Advertisement By JACEY FORTINDEC. 31, 2017  In Sydney, rainbow fireworks sparkled off the Harbour Bridge in celebration of Australia’s recent legalization of gay marriage. (Sydney was among the first major cities to celebrate with fireworks at the stroke of midnight.) In Japan, people paraded in fox masks to attend the first prayer of the year at a Shinto shrine in Tokyo. In the Philippines, revelers gathered — phones in hand — at the Eastwood Mall in Manila to watch balloons and confetti rain down at midnight. Big pots of tea were prepared for New Year’s Eve celebrations in Beijing. The country will also celebrate the Lunar New Year, in February. It was raining in Singapore, but New Year’s Eve celebrants sheltered under umbrellas and raincoats as fireworks sparkled overhead. Tourists donned party hats to watch fireworks in front of the famous Petronas Twin Towers in Kuala Lumpur, Malaysia. Hundreds of couples got married at a mass wedding in Jakarta on New Year’s Eve. We’re interested

In [11]:
# split into sentences
sentences = nltk.sent_tokenize(article) 

# take one single sentence 

sentence = sentences[1]

print (sentence) # type = string (text)

<class 'str'>


In [12]:
# word tokenizer
tokenized_sentence = nltk.word_tokenize(sentence)

print (tokenized_sentence) # type = list; each item is now a token, which is our unit of analysis. Numbers are seen as strings, so must tell it that they are numbers

<class 'list'>


In [13]:
# lowering words

lowercased_sentence = [word.lower() for word in tokenized_sentence]
# Why useful? Depends on what you want to do...if you want to keep Bush and bush separate, don't lowercase.
print (lowercased_sentence)

['31', ',', '2017', 'in', 'sydney', ',', 'rainbow', 'fireworks', 'sparkled', 'off', 'the', 'harbour', 'bridge', 'in', 'celebration', 'of', 'australia', '’', 's', 'recent', 'legalization', 'of', 'gay', 'marriage', '.']


In [5]:
# without punctuation

import string

# defining punctuation to be removed
punctuation = list(string.punctuation)

print (punctuation)


['!', '"', '#', '$', '%', '&', "'", '(', ')', '*', '+', ',', '-', '.', '/', ':', ';', '<', '=', '>', '?', '@', '[', '\\', ']', '^', '_', '`', '{', '|', '}', '~']


In [14]:
without_punct_sentence = [token for token in lowercased_sentence if token not in punctuation]
# be careful not to remove punctuation that you care about, e.g. @ symbol for symbols or other things important for the type of text you're analyzing
print (without_punct_sentence)

# missing apostrophe from punctuation string list...

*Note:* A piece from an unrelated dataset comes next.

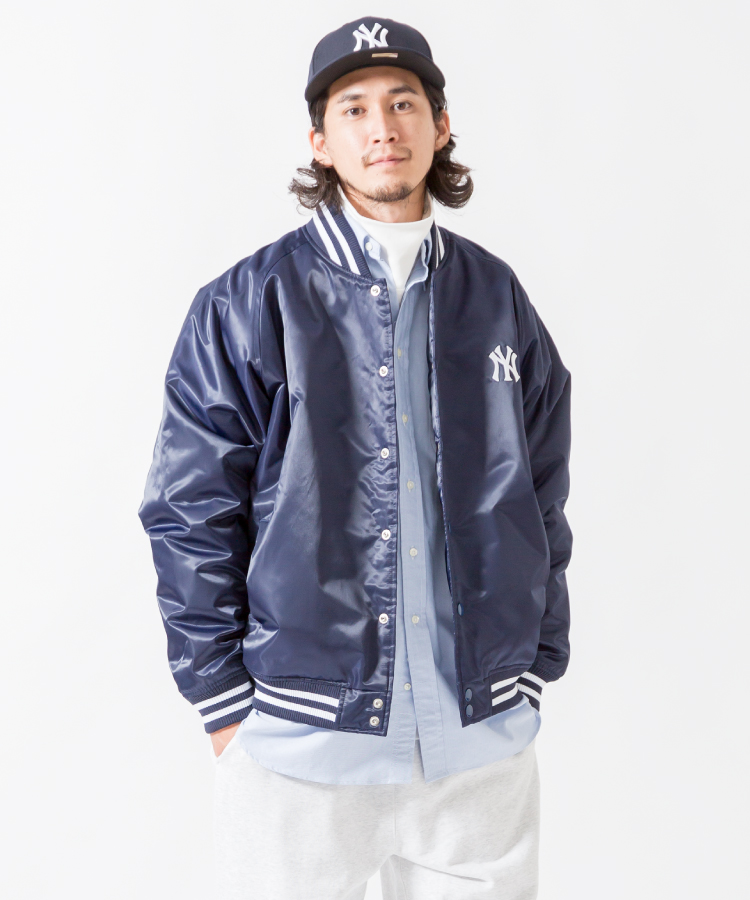 Fanatics [ファナティクス] 別注 NYロゴベースボールジャケット [MM23-NY-1F16-JF]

['31', '2017', 'in', 'sydney', 'rainbow', 'fireworks', 'sparkled', 'off', 'the', 'harbour', 'bridge', 'in', 'celebration', 'of', 'australia', '’', 's', 'recent', 'legalization', 'of', 'gay', 'marriage']


In [18]:
# getting stopword list from nltk
# check here for the download: https://stackoverflow.com/questions/41610543/corpora-stopwords-not-found-when-import-nltk-library

from nltk.corpus import stopwords

stop_word_list = stopwords.words('english')

print (stop_word_list)

# stop words depend on you and what you want to do; if in your context you care about these words, define your own manual stop words or don't remove stop words
# make sure to clarify in paper you write about what the stop words are; don't just use frequent words, be careful how you do this

['i', 'me', 'my', 'myself', 'we', 'our', 'ours', 'ourselves', 'you', "you're", "you've", "you'll", "you'd", 'your', 'yours', 'yourself', 'yourselves', 'he', 'him', 'his', 'himself', 'she', "she's", 'her', 'hers', 'herself', 'it', "it's", 'its', 'itself', 'they', 'them', 'their', 'theirs', 'themselves', 'what', 'which', 'who', 'whom', 'this', 'that', "that'll", 'these', 'those', 'am', 'is', 'are', 'was', 'were', 'be', 'been', 'being', 'have', 'has', 'had', 'having', 'do', 'does', 'did', 'doing', 'a', 'an', 'the', 'and', 'but', 'if', 'or', 'because', 'as', 'until', 'while', 'of', 'at', 'by', 'for', 'with', 'about', 'against', 'between', 'into', 'through', 'during', 'before', 'after', 'above', 'below', 'to', 'from', 'up', 'down', 'in', 'out', 'on', 'off', 'over', 'under', 'again', 'further', 'then', 'once', 'here', 'there', 'when', 'where', 'why', 'how', 'all', 'any', 'both', 'each', 'few', 'more', 'most', 'other', 'some', 'such', 'no', 'nor', 'not', 'only', 'own', 'same', 'so', 'than', '

In [19]:
# removing stopwords

without_stopwords_sentence = [word for word in without_punct_sentence if word not in stop_word_list]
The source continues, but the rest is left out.